RFRA imposed strict scrutiny on every single law in the country, as applied to religious institutions and persons. No wonder, then, that the Court struck it down as unconstitutional (at least as it applied to the states) in Boerne v. Flores. RFRA is such a problematic statute, it should not be the benchmark for constitutional accommodation.
Thus, just as Boerne suggested that immensely broad religious exemptions must fail, Cutter suggests that religious exemptions can succeed even if they are broader than any we've seen in the past. This is new territory, which unfortunately gives legislatures little incentive to investigate how their exemptions will in fact affect the public good.
The Court Has Yet to Rule on RLUIPA's Land Use Provisions
As I noted above, the Court has yet to rule on the constitutionality of RLUIPA's land use provisions. And the issue, there, is quite different.

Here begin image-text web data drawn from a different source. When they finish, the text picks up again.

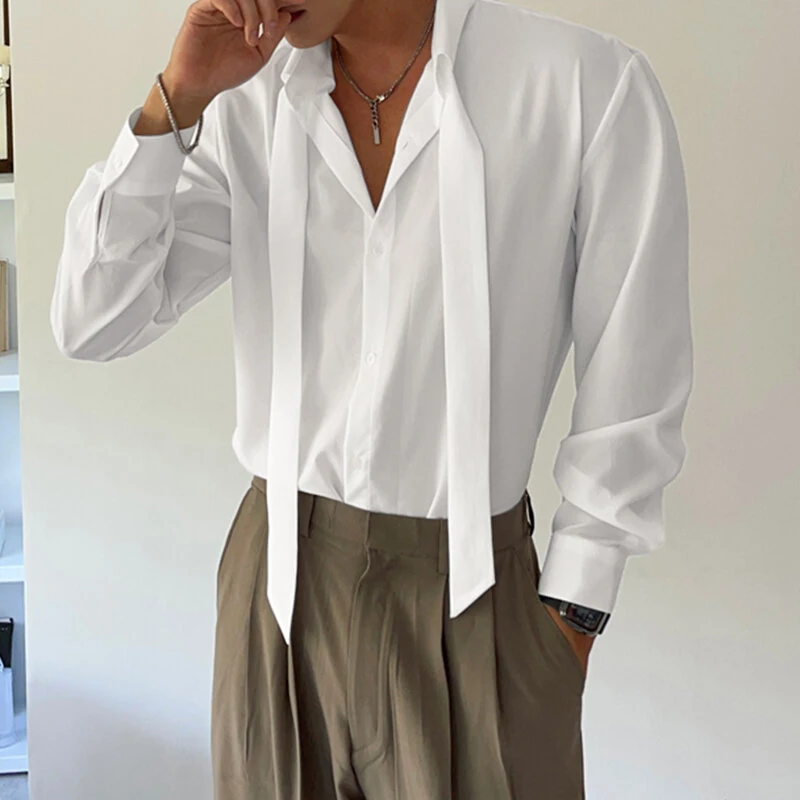 INCERUN Mens Deconstructed Tie-Detail Long Sleeve Shirt Fashion Solid Color Button Lapel Top Shirts for Male — view 2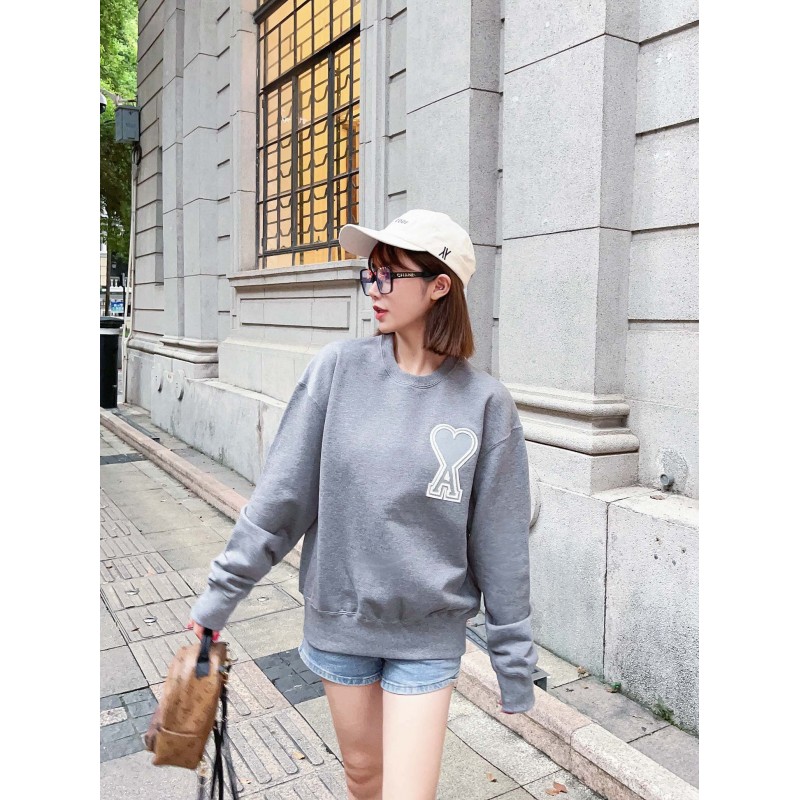 Ami - Love Embroidered Crew-neck Hoodie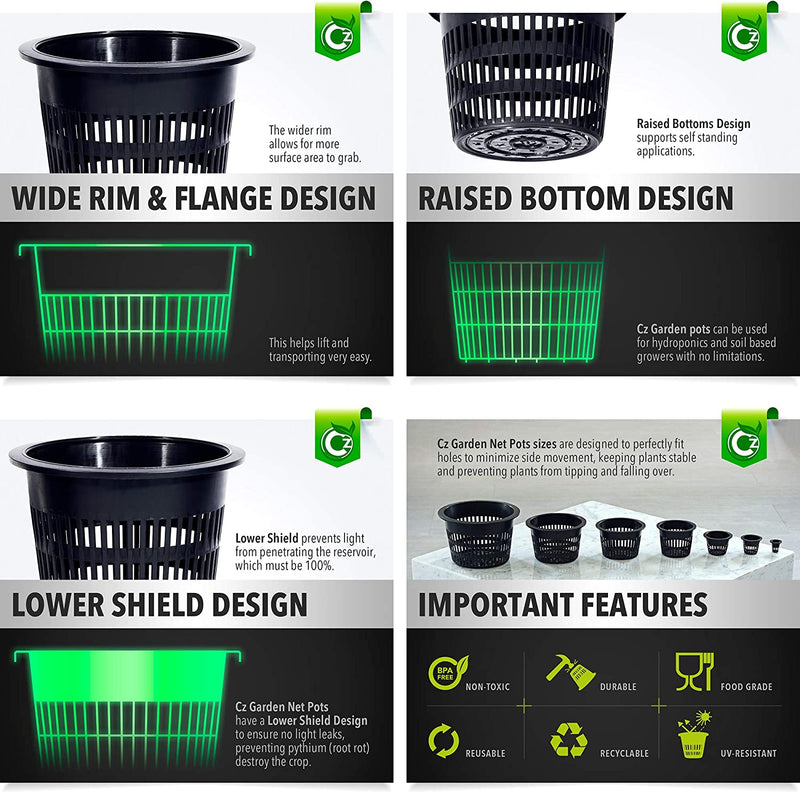 8 inch Net Pots Heavy Duty Round Cups Wide Rim Design - Image 5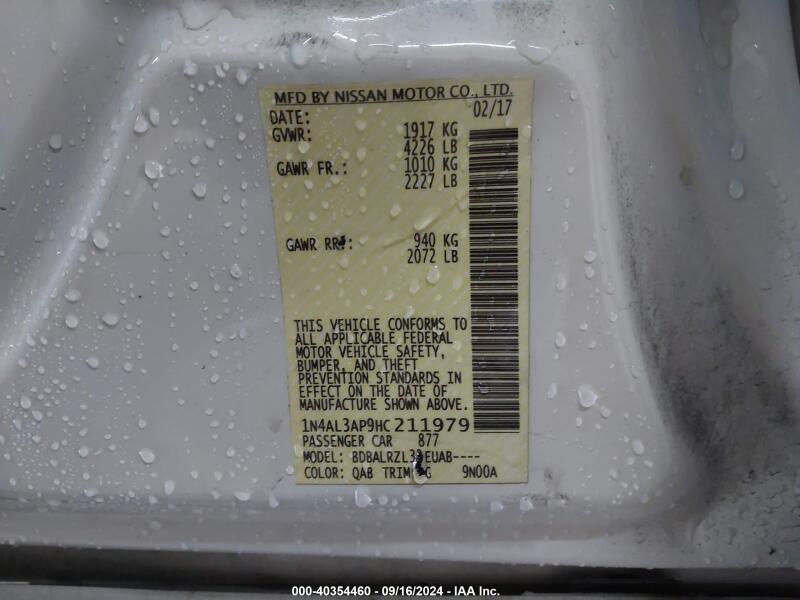 2017 NISSAN ALTIMA 2.5 SL - 1N4AL3AP9HC211979 | SeoVin.biz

As Justice Ginsburg noted, prisons have complete control over worship and religious observance, putting prisoners in a potentially vulnerable position. On this score, the opinion finds the prison provisions consistent with the Establishment Clause, because they operate in an arena where "the government exerts a degree of control unparalleled in civilian society and severely disabling to private religious exercise." RLUIPA "alleviates exceptional government-created burdens on private religious exercise." The Court's willingness, in Cutter, to allow Congress leeway to protect observance with a higher standard of scrutiny (yet still a deferential one) is thus understandable. The prison provisions go to the very core of religious exercise - worship.
But on the land use side, there is no reason to think religious institutions - often well-funded, and with a strong supporting constituency inside and outside the community -- are especially vulnerable. Moreover, what is protected by RLUIPA is not their religious observance; it is merely their ability to legally enforce their preferences regarding location and buildings.
A church's ability to preach its own doctrine is sacrosanct, but its ability to expand its parking lot in a residential neighborhood, despite contrary zoning provisions, certainly is not. And giving churches - but not, say, secular day care centers or battered women's shelters - parking lot expansion privileges, looks a lot like the establishment of religion.
For these reasons, the Court may well find the Establishment Clause arguments for striking down RLUIPA's land use provisions are far more compelling than the Establishment Clause arguments for striking down its prison counterpart.
And remember, the issue of the very basis of Congress's power to enact RLUIPA has been deferred. Justice Thomas, in a concurrence, makes it clear that there are serious reasons to doubt whether Congress has the power to enact RLUIPA. The federal government is a government of enumerated powers, and RLUIPA's proponents must explain how this law - a law governing state and local governments, for the sake of religious entities -- is a valid exercise of federal power under the Spending or Commerce Clauses, or Section 5 of the Fourteenth Amendment.
On this issue, we'll hear from the Sixth Circuit in the prison context before we hear from the Supreme Court. On the land use side, this question is an especially weighty one: Federalism concerns are at their height when a federal law interferes with what is the most inherently state and local issue: local land use.